'Systematic' Infringement

Microsoft, OpenAI GenAI Copying of NYT Content 'Not Fair Use,' Says NYT Complaint

December 28, 2023 by Paul Gluckman|Top News

Microsoft and OpenAI generative AI (GenAI) tools rely on large-language models (LLMs) “that were built by copying and using” millions of the New York Times’ copyrighted news articles, in violation of the Copyright Act, the Digital Millennium Copyright Act and other statutes, alleged the New York Times Co.’s' complaint Wednesday (docket 1:23-cv-11195) in U.S. District Court for Southern New York in Manhattan.

Through Microsoft’s Bing Chat and OpenAI’s ChatGPT, the two companies “seek to free-ride” on the NYT’s “massive investment in its journalism by using it to build substitutive products without permission or payment,” said the seven-count, 69-page infringement complaint. It seeks a permanent injunction, plus statutory and compensatory damages and restitution. Susman Godfrey and Rothwell Figg are representing the NYT. Bing Chat recently rebranded as Copilot.

Microsoft and OpenAI “have refused to recognize” U.S. copyright protections in the law and the Constitution, said the complaint. Their GenAI tools can generate output that “recites” NYT content verbatim, “closely summarizes it, and mimics its expressive style, as demonstrated by scores of examples,” it said.

Using valuable intellectual property in these ways without paying for it “has been extremely lucrative” for Microsoft and OpenAI, said the complaint. Microsoft’s deployment of NYT-trained LLMs throughout its product line “helped boost its market capitalization by a trillion dollars in the past year alone,” it said. OpenAI’s release of ChatGPT “has driven its valuation to as high as $90 billion,” it added.

Microsoft and OpenAI didn’t immediately comment. News/Media Alliance President-CEO Danielle Coffey hailed the complaint, saying it demonstrates “the value of quality journalism to AI developers.” Quality journalism and GenAI can complement each other “if approached collaboratively,” but using journalism without permission or payment “is unlawful, and certainly not fair use,” Coffey said.

The New York Times Co. objected after discovering that Microsoft and OpenAI were using NYT content “without permission to develop their models and tools,” said the complaint. For months, the plaintiff tried reaching a negotiated agreement with the defendants, “in accordance with its history of working productively” with large tech platforms “to permit the use of its content in new digital products," it said.

The company's goal during these negotiations “was to ensure it received fair value for the use of its content, facilitate the continuation of a healthy news ecosystem, and help develop GenAI technology in a responsible way that benefits society and supports a well-informed public,” said the complaint. The negotiations haven’t led to a resolution, it added.

Previously, Microsoft and OpenAI defended their conduct as protected fair use on grounds that their unlicensed use of copyrighted content to train GenAI models serves a new “transformative” purpose, said the complaint. But there’s nothing transformative about using NYT content without payment to create products that substitute for the NYT “and steal audiences away from it,” it said.

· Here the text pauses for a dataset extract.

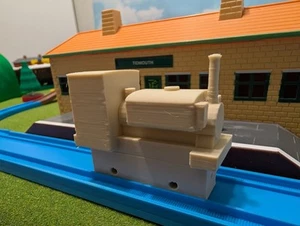 Thomas And Friends Wooden Railway Narrow Gauge "Luke" 3d Printed Wood Pla Custom - Picture 1 of 2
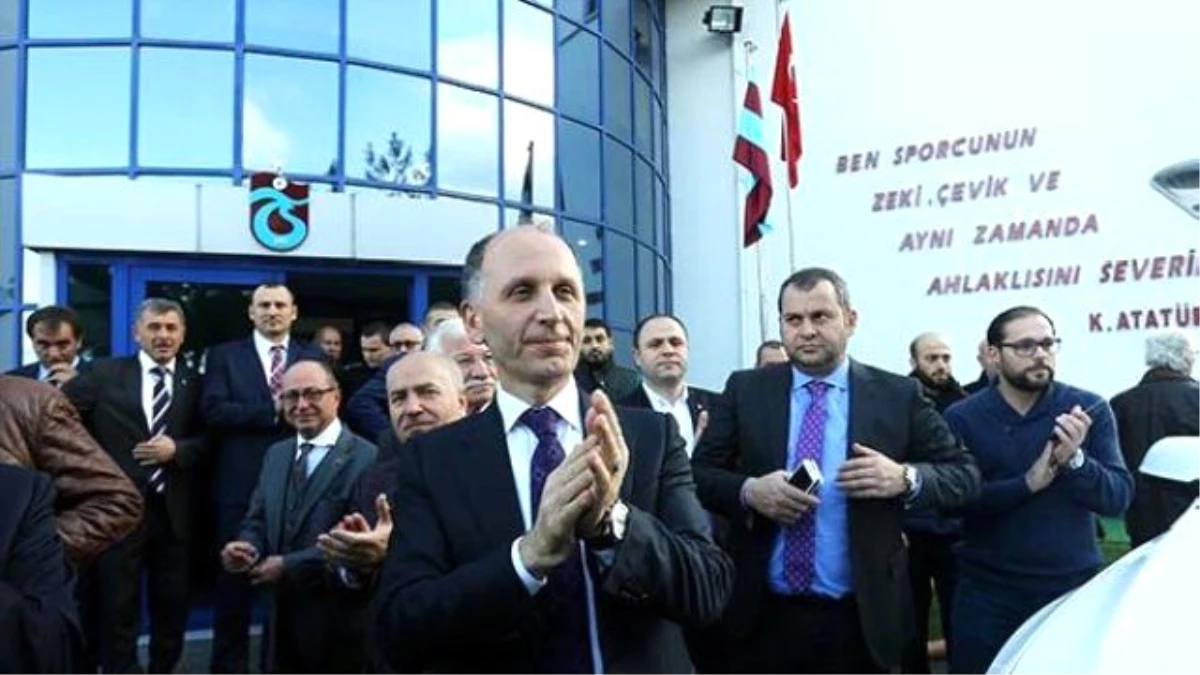 Trabzonspor Başkanı Usta Mazbatasını Aldı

The output of GenAI models from Microsoft and OpenAI “compete with and closely mimic the inputs used to train them,” said the complaint. Copying NYT works for that purpose “is not fair use.”

The law doesn’t permit “the kind of systematic and competitive infringement” that Microsoft and OpenAI have committed, said the complaint. “This action seeks to hold them responsible for the billions of dollars in statutory and actual damages that they owe” for unlawful copying and use of the NYT’s “uniquely valuable works,” it said.